Segment Open

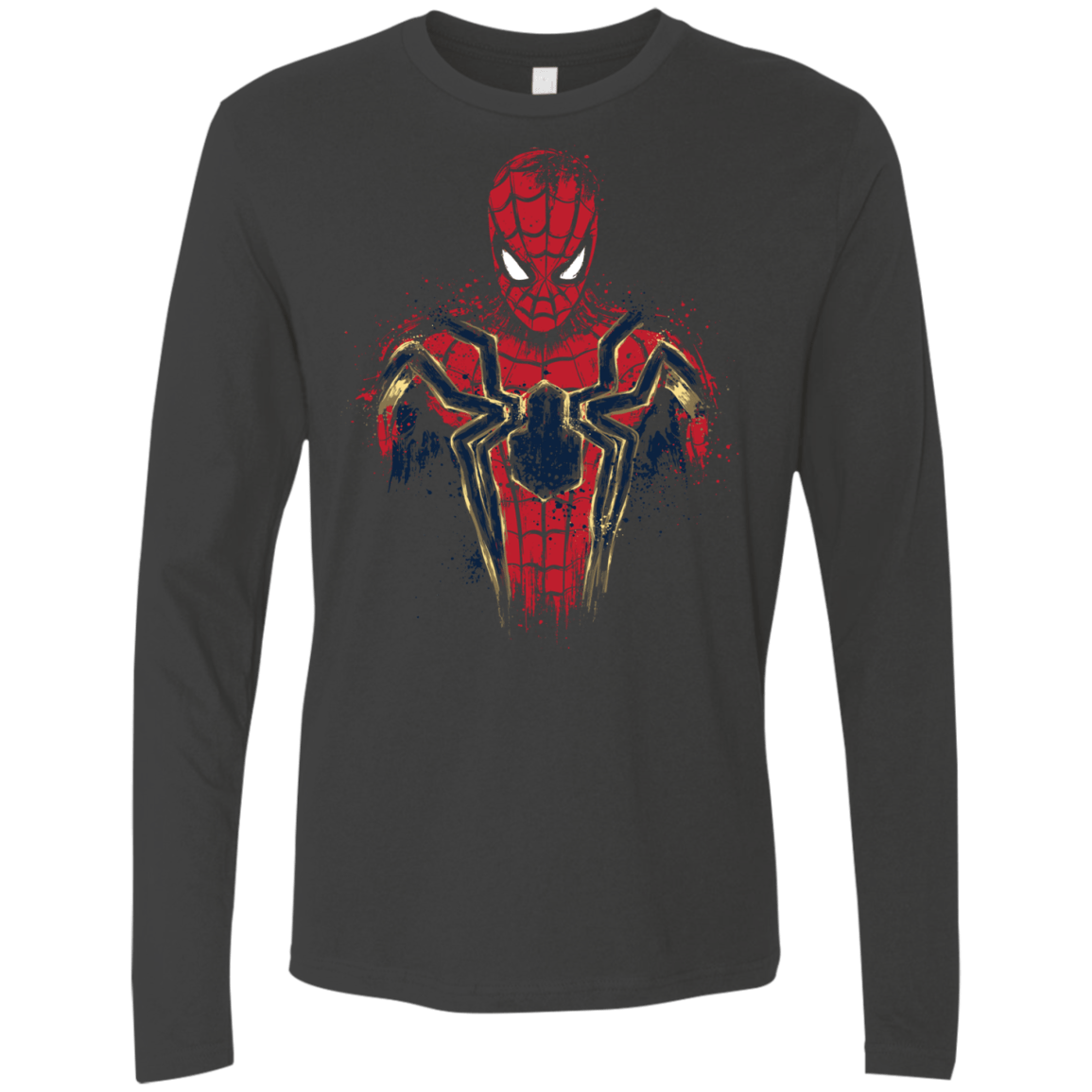 T-Shirts Heavy Metal / S Infinity Spider Men's Premium Long Sleeve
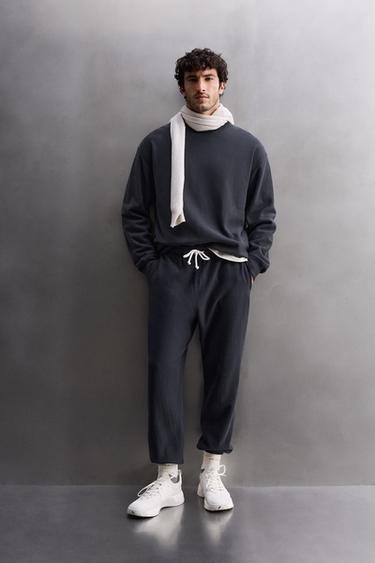 TRAINING JOGGING TROUSERS - Navy blue by Zara - Image 0
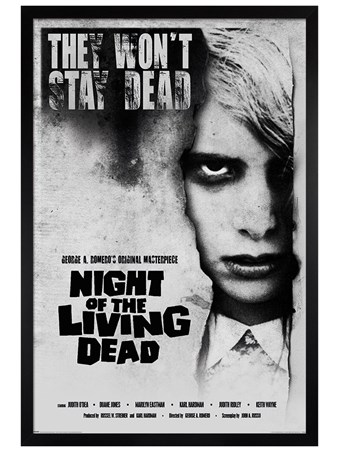 Black Wooden Framed Living Dead Girl - Night of the Living Dead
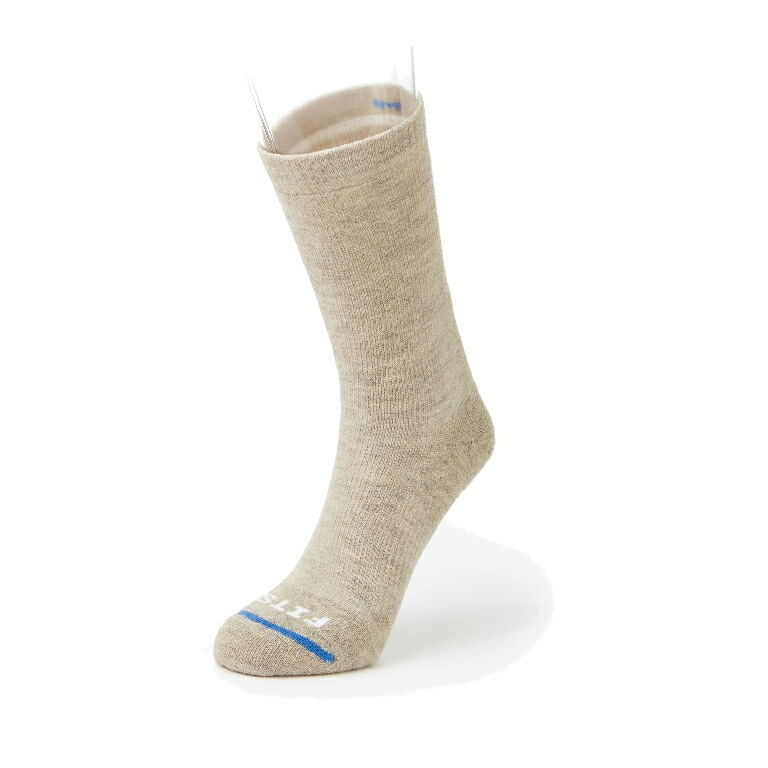 FITS Medium Hiker Crew ストーン [フィッツ]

Segment Closed

Output the data above without changes, apart from leaving out the pictures.

#### [Result of this task]
 T-Shirts Heavy Metal / S Infinity Spider Men's Premium Long Sleeve
 TRAINING JOGGING TROUSERS - Navy blue by Zara - Image 0
 Black Wooden Framed Living Dead Girl - Night of the Living Dead
 FITS Medium Hiker Crew ストーン [フィッツ]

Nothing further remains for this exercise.